Borscht has never been a favourite in our house, but this has made us reconsider. An overstock of beets in the fridge drawer was the inspiration, and the vodka occurred as I mixed the tomatoes into the soup.

This borscht does not include cabbage, a variation on the norm which to my mind improves it. The vodka is inspirational — it undercuts the sweetness of the beetroot and adds an interesting bitterside taste all of its own, even if you cook it for 20 minutes and boil off the alcohol. (Research shows that all but about 5% of the alcohol in dishes created with booze will disappear in the cooking.)

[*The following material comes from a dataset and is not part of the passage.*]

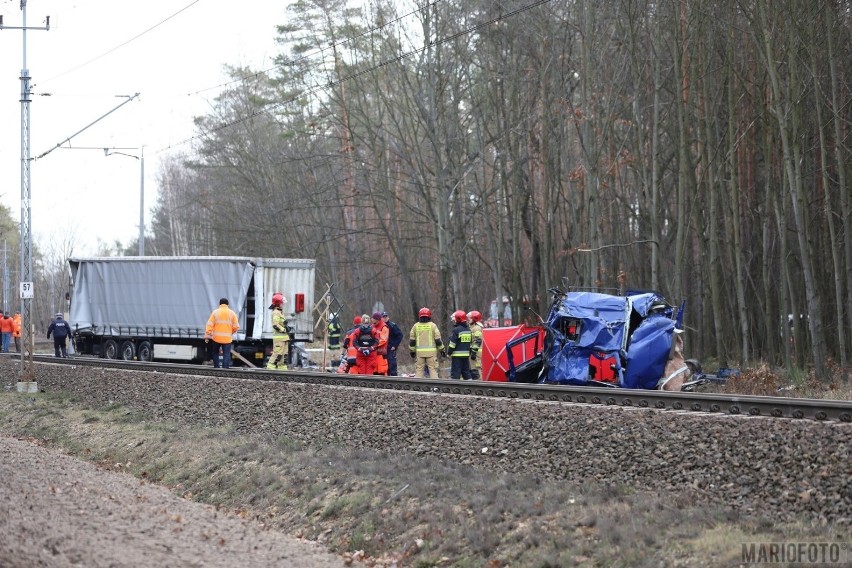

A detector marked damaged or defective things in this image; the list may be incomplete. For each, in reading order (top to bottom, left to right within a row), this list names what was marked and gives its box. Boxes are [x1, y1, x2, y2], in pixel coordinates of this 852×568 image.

Make the Chunky Veggie Soup above. Put half into another pot or into storage jars, and to the remaining half add the following:
1 small tin diced tomatoes, or a half a large one
3 beets, peeled and cut into either slices or chunks
1-2 cups broth, enough to ensure veggies are covered
Simmer the soup for 30-40 minutes, until beetroot is thoroughly cooked
Add 1 cup vodka and simmer for 5-10 minutes

Serve with a dollop of sour cream or thick yogurt, and a chopping of finely minced fresh dill.  Or try swirl of balsamic vinegar or—use Crescendo’s Fig Chili Balsam for a double kick!

TIP: The easiest way to peel an onion is to slice the ends off, then cut it in half and remove the peel starting at the cut edge. Leslie Savage photo

Beverage choices:

Chunky Veggie Soup will pair well with a light white wine, even a Reisling, or a light ale, but it’s also great with a glass of cold milk. The Winter Minestrone begs for a dark or an amber ale or a glass of good red wine, a Shiraz or a Cabernet; and for the Bloody Mary Borscht — what other than a vodka tonic on ice for those who imbibe, and a Virgin Caesar for those who don’t.